:: WHAT IS EXPECTED ::
The full listing is to be transcribed exactly, with each picture left out.

:: DATA SHOWN ::
————————
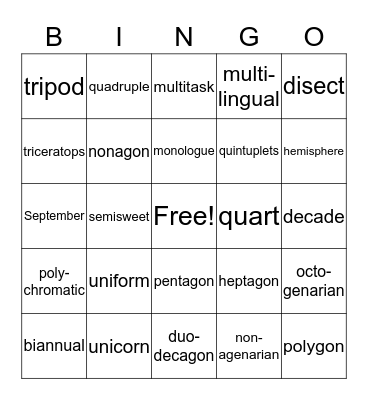 Number Prefixes Bingo Card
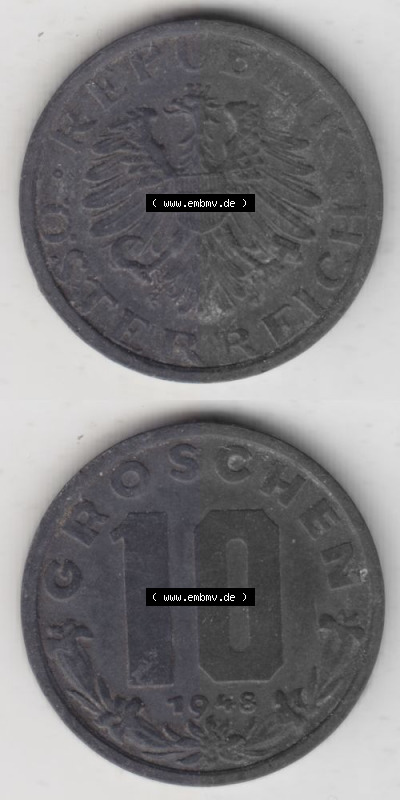 Münzen Österreich Umlaufmünze 1947-1949, 10 Groschen 1948 I., Münze aus Österreich mit Münzseiten Vertikal / Untereinander... Sammlung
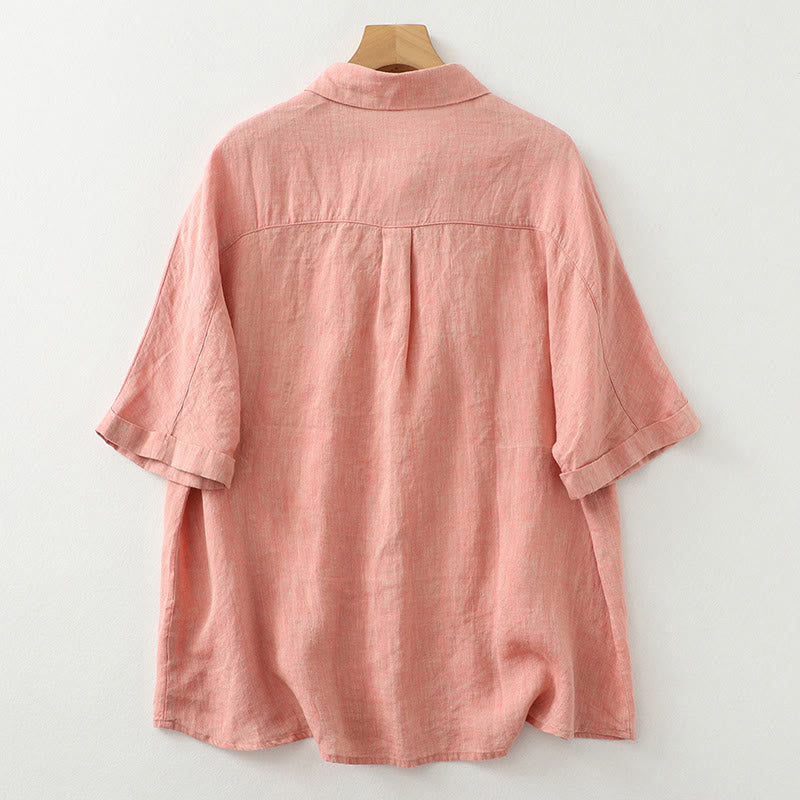 Camicia da donna a maniche corte con bottoni e stampa Buddha Stones, stile casual. - image 9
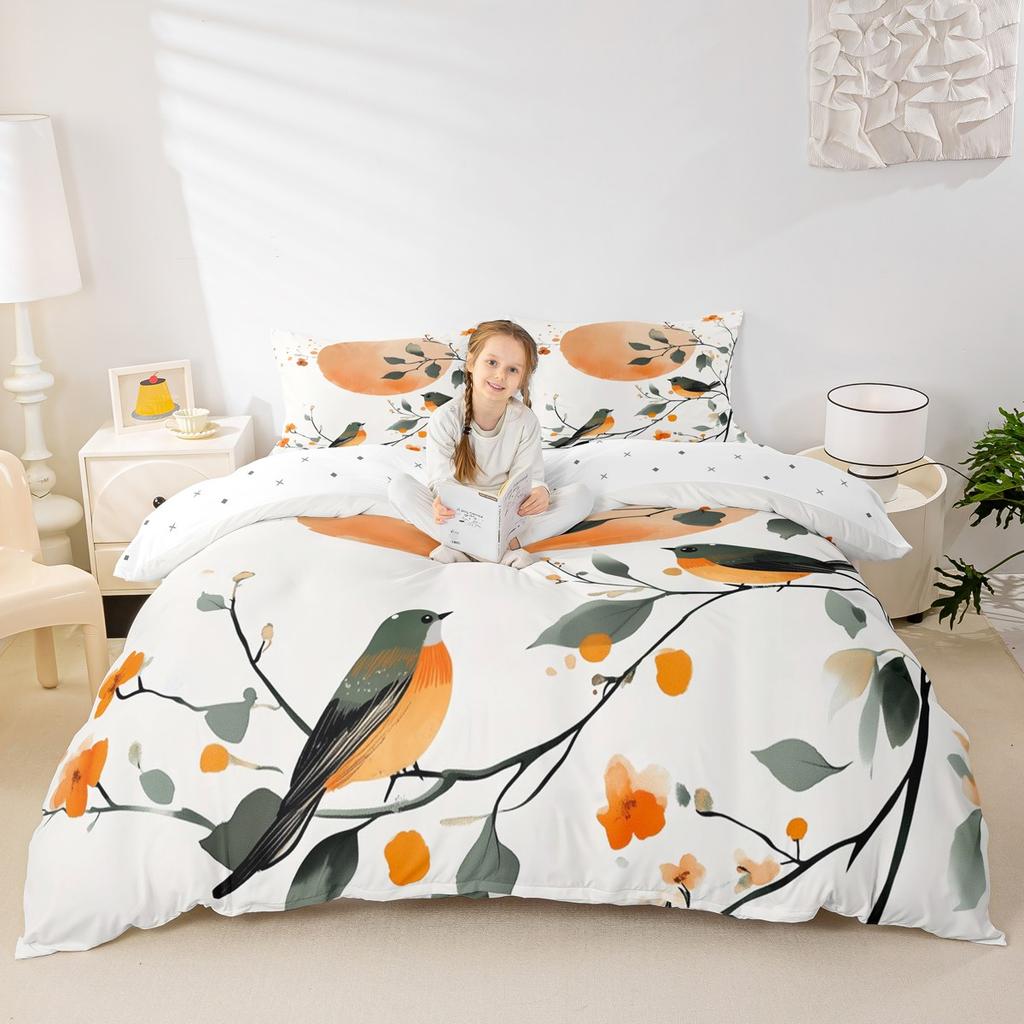 Homewish Modern Minimalist Duvet Cover Set, Chic Bird Bedding Set, Botanical Leaves Quilt Cover Set, Bedroom Decor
————————
:: EXPECTED ANSWER ::
 Number Prefixes Bingo Card
 Münzen Österreich Umlaufmünze 1947-1949, 10 Groschen 1948 I., Münze aus Österreich mit Münzseiten Vertikal / Untereinander... Sammlung
 Camicia da donna a maniche corte con bottoni e stampa Buddha Stones, stile casual. - image 9
 Homewish Modern Minimalist Duvet Cover Set, Chic Bird Bedding Set, Botanical Leaves Quilt Cover Set, Bedroom Decor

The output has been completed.